Well since you liked those, you'd better get on over and try the Bartok Concerto for Orchestra! Five movements all with something great to give in the drama department and much more.


----------



## mohamedddo (May 3, 2016)

Huilunsoittaja said:


> Shostakovich's Ballet and Jazz Suites. _The Bolt_ is one of his finest ballets, _the Age of Gold_ another. Also film music and incidental musics by Shostakovich are quite dramatic.


it is fantastic why it is not famous i liked it so much and the jazz suites also great i think Shostakovich is the best .
if you know more tell me .. thank you


----------



## Huilunsoittaja (Apr 6, 2010)

mohamedddo said:


> if you know more tell me


muahahahaha :devil:

I will tell more... and you will be my friend! And I will tell you anything you like about Shostakovich, about composers like him. I'm a specialist in much of his music, though not all. He was extremely prolific and I'm not even close to being familiar with all of it.


----------



## mohamedddo (May 3, 2016)

clavichorder said:


> Have you tried Tchaikovsky Symphony 1? If you aren't sold on the 1st movement and the others, wait till you get to that finale. That is some goose bump giving symphonic material if there ever was any.


wow it is great i didnt listen to it before but i really liked this symphony now i like Tchaikovsky Symphony num 4,6,1


----------



## mohamedddo (May 3, 2016)

clavichorder said:


> Have you tried Tchaikovsky Symphony 1? If you aren't sold on the 1st movement and the others, wait till you get to that finale. That is some goose bump giving symphonic material if there ever was any.

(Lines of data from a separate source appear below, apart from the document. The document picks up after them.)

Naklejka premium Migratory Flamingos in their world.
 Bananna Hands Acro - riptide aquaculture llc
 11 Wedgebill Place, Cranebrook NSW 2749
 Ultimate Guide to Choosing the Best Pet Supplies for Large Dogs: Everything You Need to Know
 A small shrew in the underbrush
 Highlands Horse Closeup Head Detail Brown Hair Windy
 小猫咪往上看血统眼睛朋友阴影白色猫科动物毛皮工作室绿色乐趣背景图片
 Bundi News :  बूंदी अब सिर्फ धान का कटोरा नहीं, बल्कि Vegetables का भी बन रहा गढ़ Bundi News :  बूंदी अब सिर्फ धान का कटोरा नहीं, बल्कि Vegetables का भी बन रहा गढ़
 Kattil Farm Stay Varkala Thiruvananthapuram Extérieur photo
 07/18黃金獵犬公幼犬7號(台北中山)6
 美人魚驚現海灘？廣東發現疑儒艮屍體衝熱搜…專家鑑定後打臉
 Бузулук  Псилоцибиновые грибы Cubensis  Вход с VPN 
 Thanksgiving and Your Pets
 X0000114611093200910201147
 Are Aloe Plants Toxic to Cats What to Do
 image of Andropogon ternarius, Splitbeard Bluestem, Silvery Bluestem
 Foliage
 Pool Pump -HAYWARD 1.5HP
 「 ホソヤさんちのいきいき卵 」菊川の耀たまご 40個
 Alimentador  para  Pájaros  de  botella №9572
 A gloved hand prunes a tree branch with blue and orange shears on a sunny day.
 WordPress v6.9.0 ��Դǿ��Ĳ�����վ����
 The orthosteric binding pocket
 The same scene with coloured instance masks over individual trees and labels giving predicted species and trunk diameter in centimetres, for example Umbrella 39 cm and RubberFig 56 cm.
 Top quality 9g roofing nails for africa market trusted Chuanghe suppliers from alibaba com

wow it is great i didnt listen to it before but i really liked this symphony now i like Tchaikovsky Symphony num 4,6,1


----------



## mohamedddo (May 3, 2016)

Huilunsoittaja said:


> muahahahaha :devil:
> 
> I will tell more... and you will be my friend! And I will tell you anything you like about Shostakovich, about composers like him. I'm a specialist in much of his music, though not all. He was extremely prolific and I'm not even close to being familiar with all of it.


hahahaha:tiphat:
sure it is honer to be your friend and we have a Common thing we love Shostakovich
i really want to thank you


----------



## dieter (Feb 26, 2016)

mohamedddo said:


> I didn't listen to num 4 before but really it is fantastic .
> things in Egypt are very good now if you look on the other countries around us yes we are good but we have some Economic problem .. where are you from ?


I'm German. We moved to Australia.


----------



## mohamedddo (May 3, 2016)

dieter said:


> I'm German. We moved to Australia.


very good if you like to visit Egypt any time just tell me and i can be your guide .


----------